[RECORDS FOR THIS TASK — start]
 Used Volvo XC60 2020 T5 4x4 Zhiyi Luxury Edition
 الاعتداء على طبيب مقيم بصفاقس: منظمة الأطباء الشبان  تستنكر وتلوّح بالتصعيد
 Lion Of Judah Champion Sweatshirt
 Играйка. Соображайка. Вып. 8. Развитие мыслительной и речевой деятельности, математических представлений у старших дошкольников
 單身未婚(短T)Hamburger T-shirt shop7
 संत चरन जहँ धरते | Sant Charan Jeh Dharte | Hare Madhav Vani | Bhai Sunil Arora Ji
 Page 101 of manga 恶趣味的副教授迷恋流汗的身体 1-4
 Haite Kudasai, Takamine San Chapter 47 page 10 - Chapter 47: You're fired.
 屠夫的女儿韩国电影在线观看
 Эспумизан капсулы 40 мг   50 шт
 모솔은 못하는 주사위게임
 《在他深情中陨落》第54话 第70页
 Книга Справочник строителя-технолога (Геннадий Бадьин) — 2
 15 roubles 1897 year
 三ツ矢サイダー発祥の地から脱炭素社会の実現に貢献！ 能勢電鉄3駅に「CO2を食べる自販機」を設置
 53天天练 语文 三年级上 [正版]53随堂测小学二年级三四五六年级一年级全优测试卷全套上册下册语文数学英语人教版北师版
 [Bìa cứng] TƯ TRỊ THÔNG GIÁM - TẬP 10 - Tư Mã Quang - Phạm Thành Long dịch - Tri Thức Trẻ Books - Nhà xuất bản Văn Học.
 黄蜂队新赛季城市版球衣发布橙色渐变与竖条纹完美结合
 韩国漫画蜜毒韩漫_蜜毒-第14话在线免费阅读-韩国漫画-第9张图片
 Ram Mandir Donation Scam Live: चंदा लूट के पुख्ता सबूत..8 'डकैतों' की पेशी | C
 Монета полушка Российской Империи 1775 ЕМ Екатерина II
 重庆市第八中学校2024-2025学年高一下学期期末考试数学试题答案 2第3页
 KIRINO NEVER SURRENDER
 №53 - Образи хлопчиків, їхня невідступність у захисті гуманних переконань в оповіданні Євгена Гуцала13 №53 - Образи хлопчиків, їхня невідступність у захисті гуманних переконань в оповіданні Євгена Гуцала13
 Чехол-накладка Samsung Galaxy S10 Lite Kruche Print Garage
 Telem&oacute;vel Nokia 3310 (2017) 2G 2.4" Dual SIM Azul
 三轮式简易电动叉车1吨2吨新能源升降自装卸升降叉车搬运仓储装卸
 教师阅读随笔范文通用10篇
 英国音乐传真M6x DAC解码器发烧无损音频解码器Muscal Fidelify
[RECORDS FOR THIS TASK — finish]
## TASK INSTRUCTIONS
The complete material must be repeated exactly.

## EXPECTED ANSWER
 Used Volvo XC60 2020 T5 4x4 Zhiyi Luxury Edition
 الاعتداء على طبيب مقيم بصفاقس: منظمة الأطباء الشبان  تستنكر وتلوّح بالتصعيد
 Lion Of Judah Champion Sweatshirt
 Играйка. Соображайка. Вып. 8. Развитие мыслительной и речевой деятельности, математических представлений у старших дошкольников
 單身未婚(短T)Hamburger T-shirt shop7
 संत चरन जहँ धरते | Sant Charan Jeh Dharte | Hare Madhav Vani | Bhai Sunil Arora Ji
 Page 101 of manga 恶趣味的副教授迷恋流汗的身体 1-4
 Haite Kudasai, Takamine San Chapter 47 page 10 - Chapter 47: You're fired.
 屠夫的女儿韩国电影在线观看
 Эспумизан капсулы 40 мг   50 шт
 모솔은 못하는 주사위게임
 《在他深情中陨落》第54话 第70页
 Книга Справочник строителя-технолога (Геннадий Бадьин) — 2
 15 roubles 1897 year
 三ツ矢サイダー発祥の地から脱炭素社会の実現に貢献！ 能勢電鉄3駅に「CO2を食べる自販機」を設置
 53天天练 语文 三年级上 [正版]53随堂测小学二年级三四五六年级一年级全优测试卷全套上册下册语文数学英语人教版北师版
 [Bìa cứng] TƯ TRỊ THÔNG GIÁM - TẬP 10 - Tư Mã Quang - Phạm Thành Long dịch - Tri Thức Trẻ Books - Nhà xuất bản Văn Học.
 黄蜂队新赛季城市版球衣发布橙色渐变与竖条纹完美结合
 韩国漫画蜜毒韩漫_蜜毒-第14话在线免费阅读-韩国漫画-第9张图片
 Ram Mandir Donation Scam Live: चंदा लूट के पुख्ता सबूत..8 'डकैतों' की पेशी | C
 Монета полушка Российской Империи 1775 ЕМ Екатерина II
 重庆市第八中学校2024-2025学年高一下学期期末考试数学试题答案 2第3页
 KIRINO NEVER SURRENDER
 №53 - Образи хлопчиків, їхня невідступність у захисті гуманних переконань в оповіданні Євгена Гуцала13 №53 - Образи хлопчиків, їхня невідступність у захисті гуманних переконань в оповіданні Євгена Гуцала13
 Чехол-накладка Samsung Galaxy S10 Lite Kruche Print Garage
 Telem&oacute;vel Nokia 3310 (2017) 2G 2.4" Dual SIM Azul
 三轮式简易电动叉车1吨2吨新能源升降自装卸升降叉车搬运仓储装卸
 教师阅读随笔范文通用10篇
 英国音乐传真M6x DAC解码器发烧无损音频解码器Muscal Fidelify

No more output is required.